TASK DESCRIPTION -> From the line with "Bow Decor Mesh Panel Flats, Apricot" to the line with "erlich textil Brazil", output every line below exactly, both ends included. Skip the pictures.

*** Block opens ***

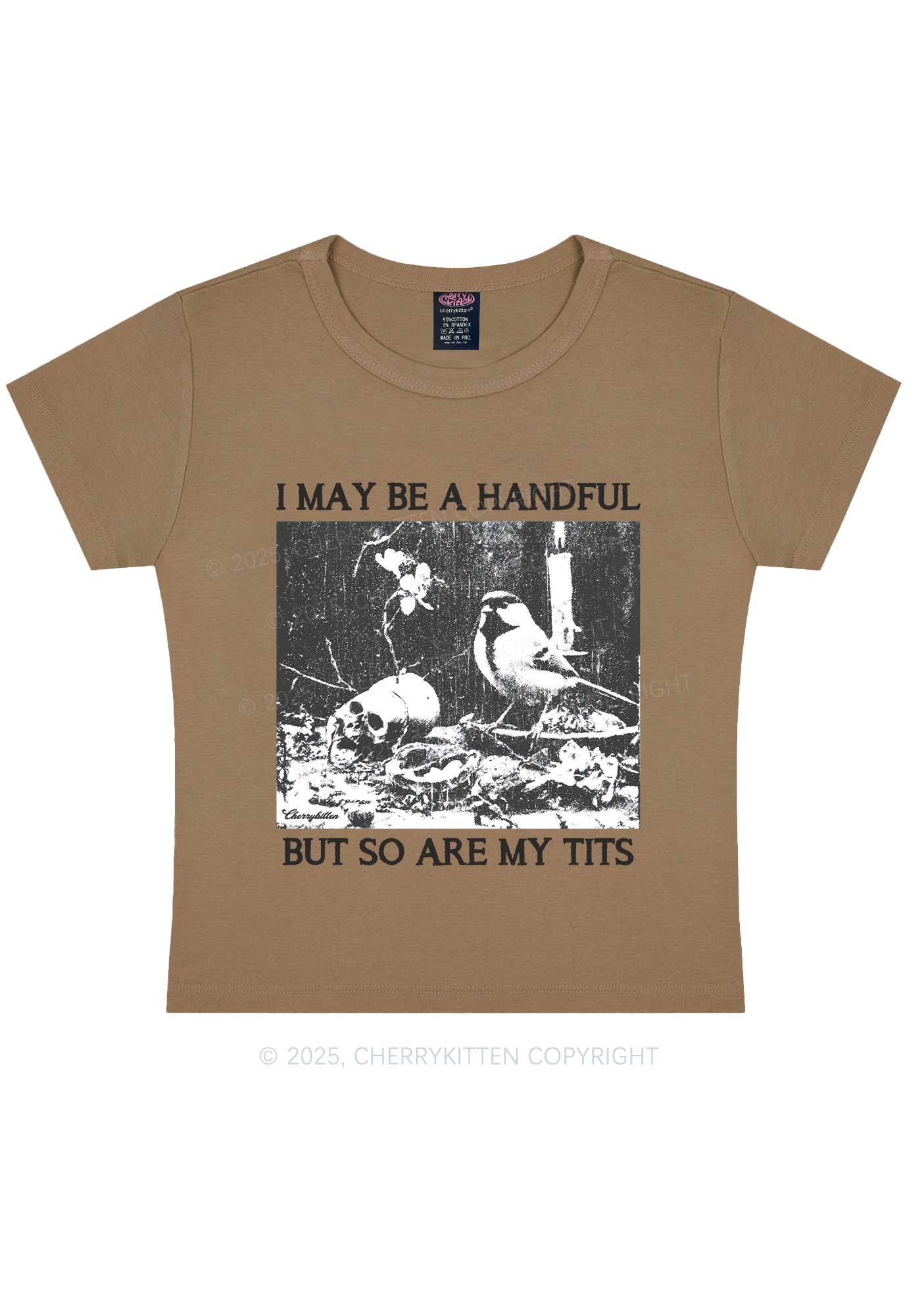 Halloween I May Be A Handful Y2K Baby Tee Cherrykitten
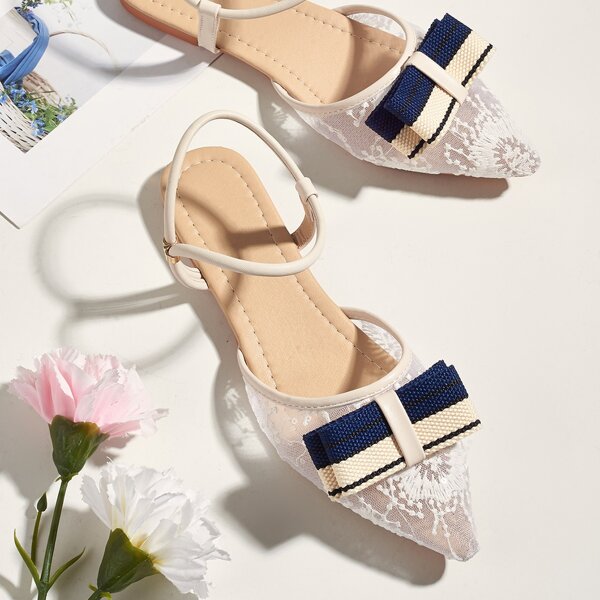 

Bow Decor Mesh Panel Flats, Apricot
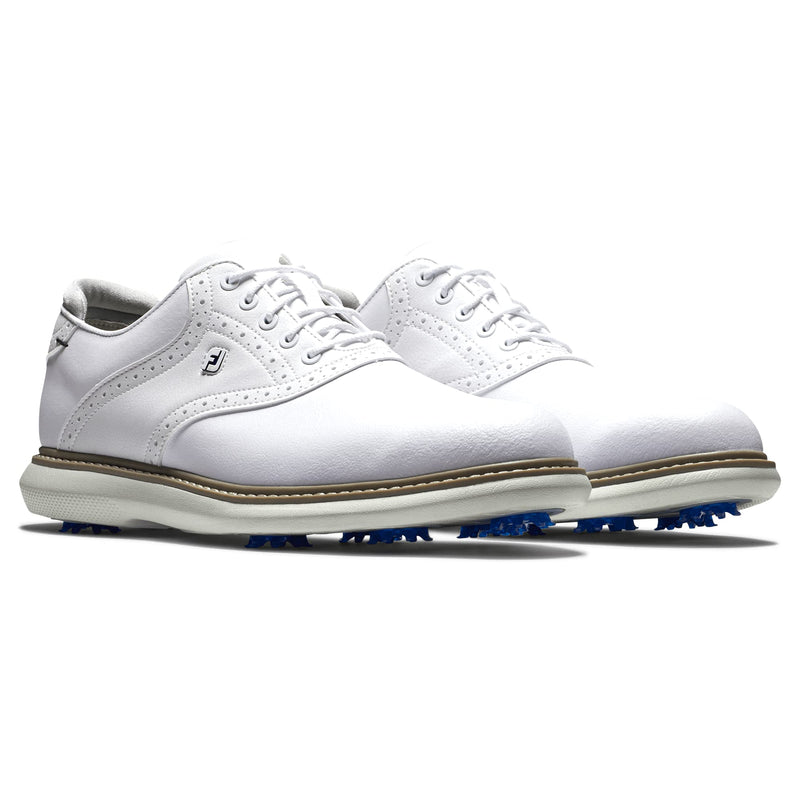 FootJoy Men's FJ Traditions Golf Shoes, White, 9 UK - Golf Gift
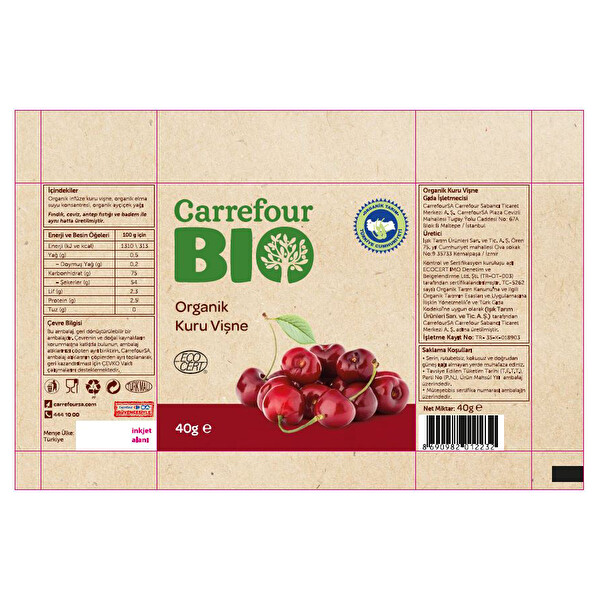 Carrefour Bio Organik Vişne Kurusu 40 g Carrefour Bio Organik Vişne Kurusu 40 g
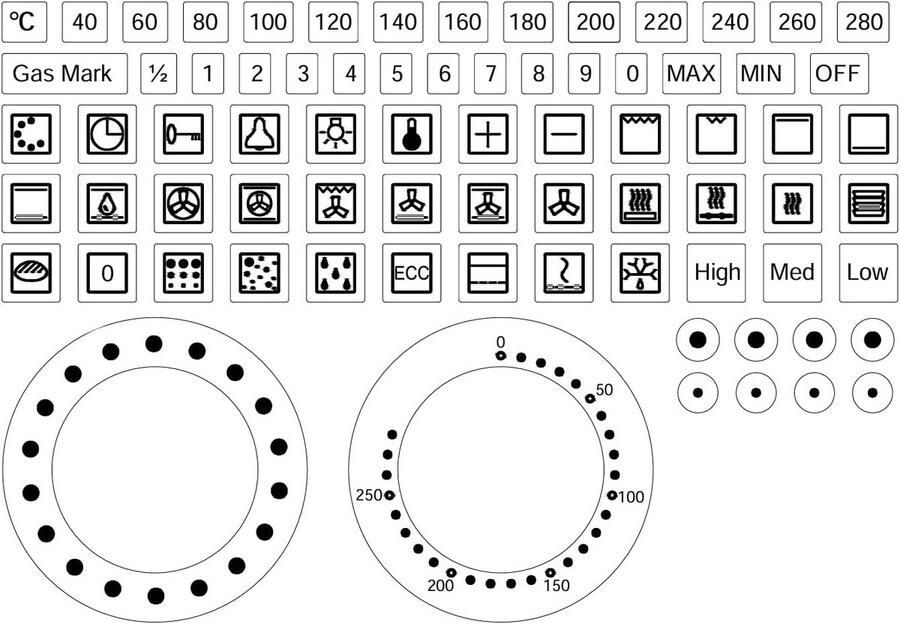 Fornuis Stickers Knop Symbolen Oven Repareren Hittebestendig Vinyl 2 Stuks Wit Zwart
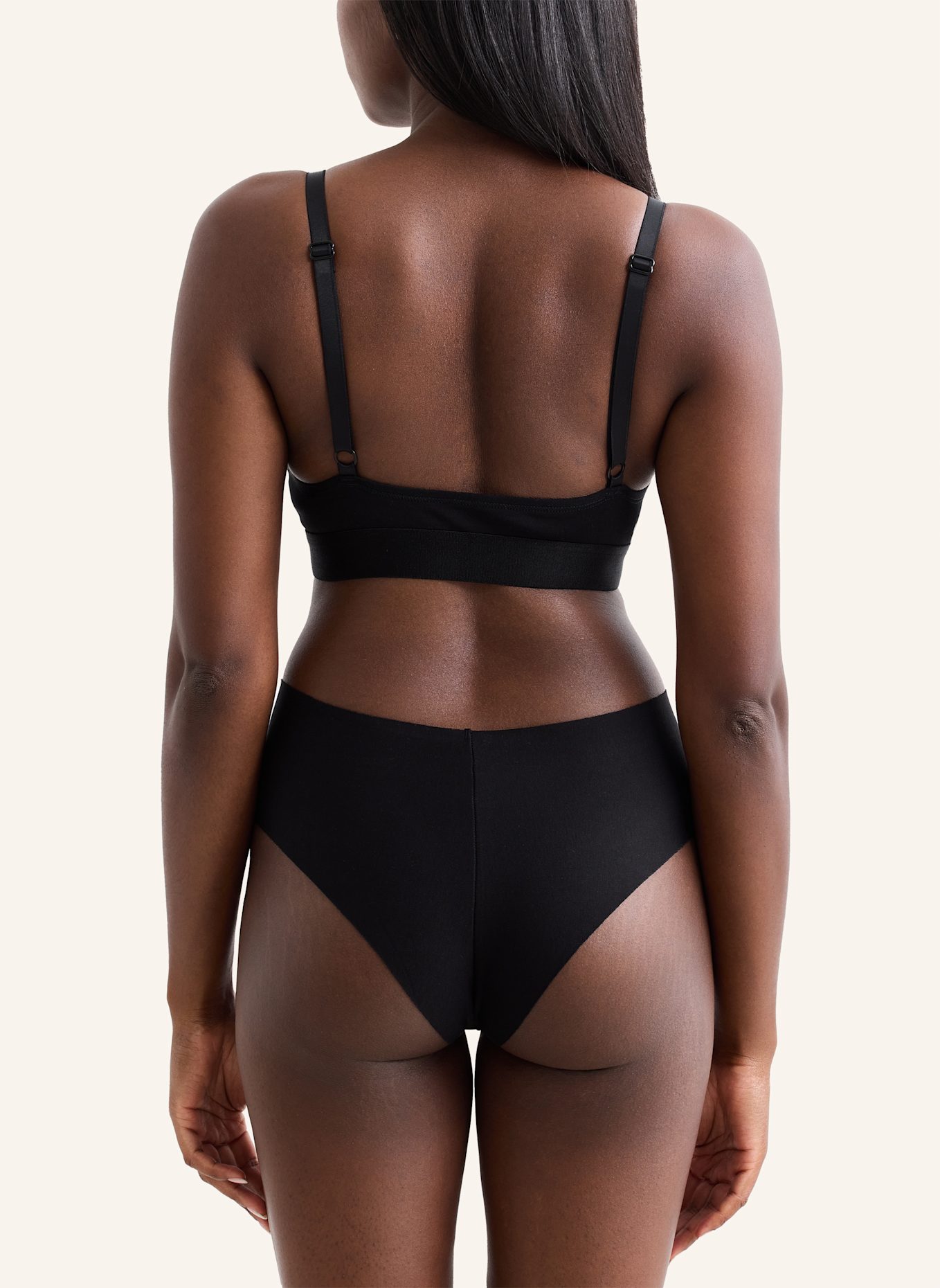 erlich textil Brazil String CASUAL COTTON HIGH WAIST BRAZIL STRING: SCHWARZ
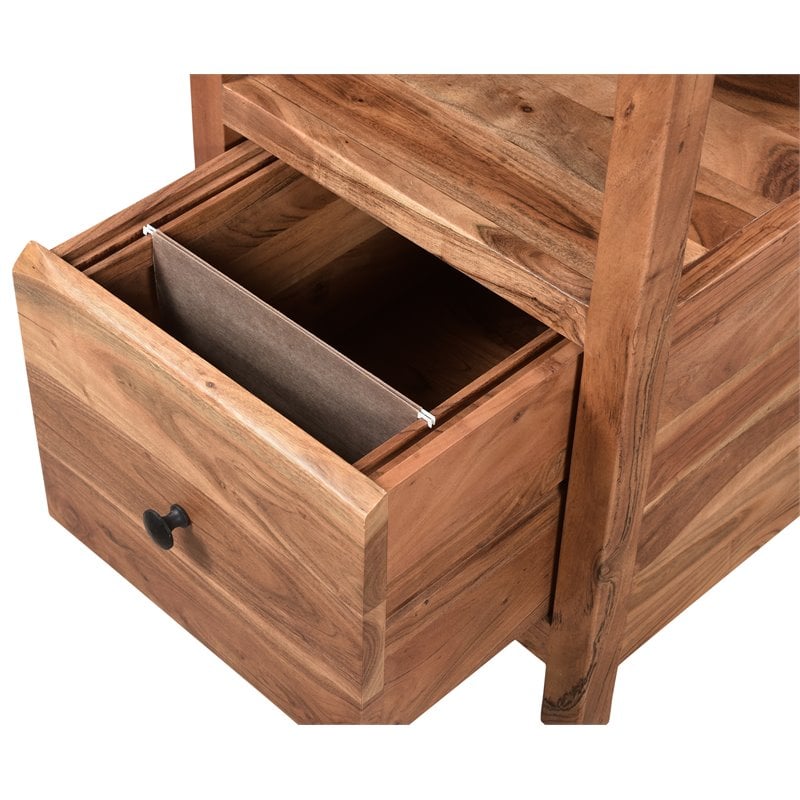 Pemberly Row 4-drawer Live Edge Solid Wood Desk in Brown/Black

*** Block closes ***

SOLUTION ->
Bow Decor Mesh Panel Flats, Apricot
 FootJoy Men's FJ Traditions Golf Shoes, White, 9 UK - Golf Gift
 Carrefour Bio Organik Vişne Kurusu 40 g Carrefour Bio Organik Vişne Kurusu 40 g
 Fornuis Stickers Knop Symbolen Oven Repareren Hittebestendig Vinyl 2 Stuks Wit Zwart
 erlich textil Brazil String CASUAL COTTON HIGH WAIST BRAZIL STRING: SCHWARZ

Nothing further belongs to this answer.